### PROBLEM
Retype the lines of the material below, exactly and only, from the one containing "Videohive - Martin" through the last line, with pictures left out.

━━ RAW DATA

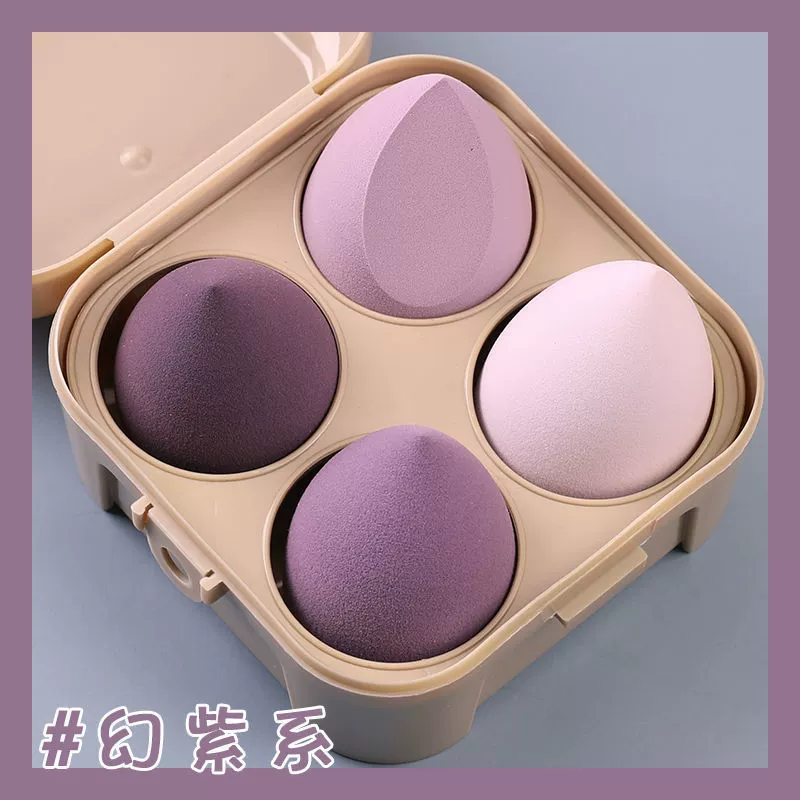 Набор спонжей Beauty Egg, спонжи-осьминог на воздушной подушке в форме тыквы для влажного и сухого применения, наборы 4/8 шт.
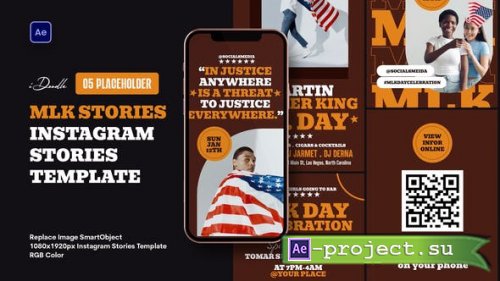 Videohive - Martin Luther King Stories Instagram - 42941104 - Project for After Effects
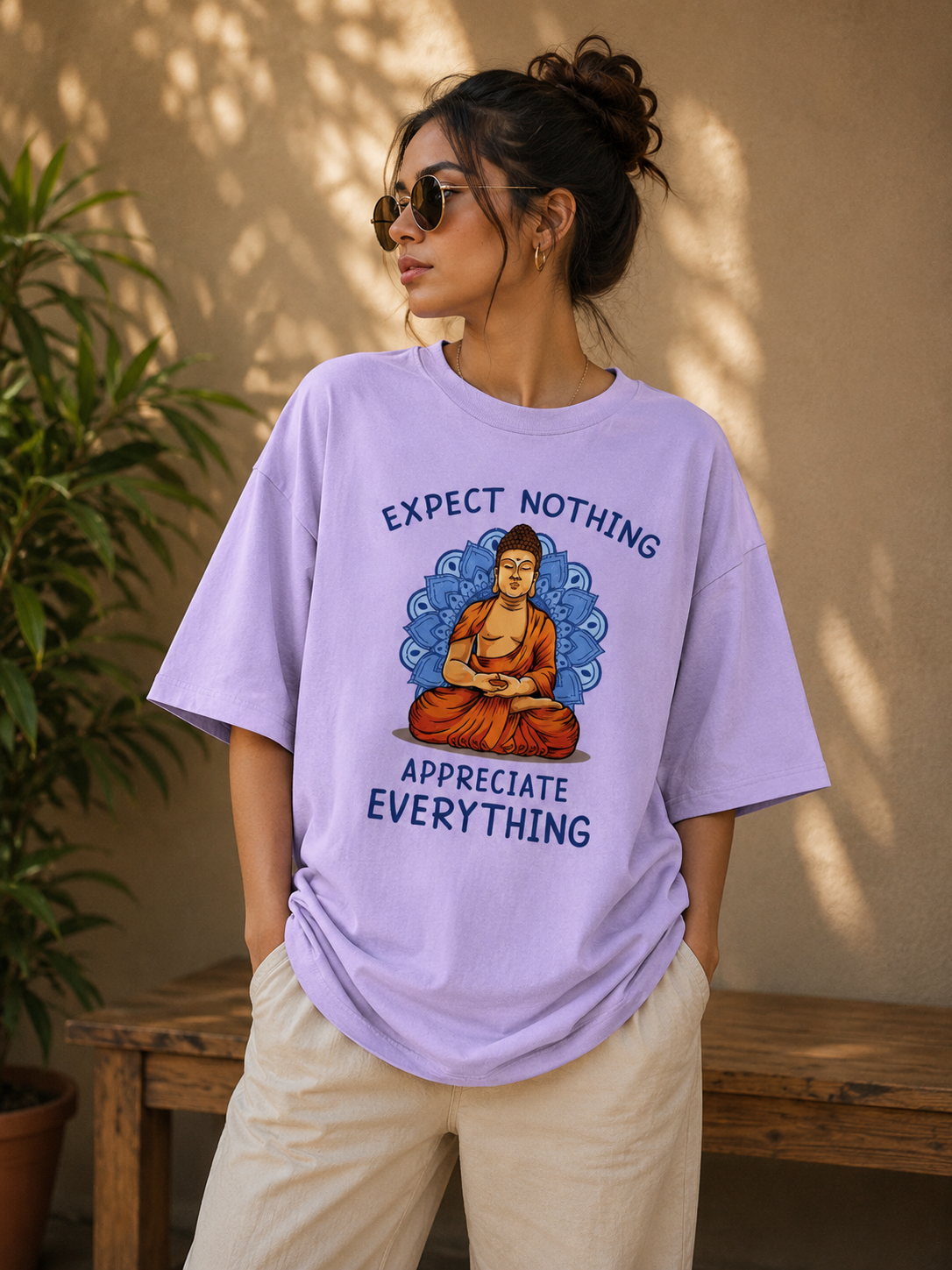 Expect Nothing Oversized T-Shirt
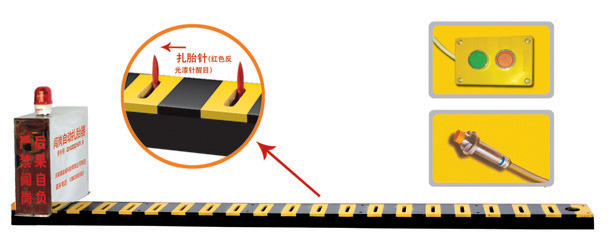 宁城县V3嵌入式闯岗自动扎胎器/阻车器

━━━━

### SOLUTION FOR THIS PROBLEM
 Videohive - Martin Luther King Stories Instagram - 42941104 - Project for After Effects
 Expect Nothing Oversized T-Shirt
 宁城县V3嵌入式闯岗自动扎胎器/阻车器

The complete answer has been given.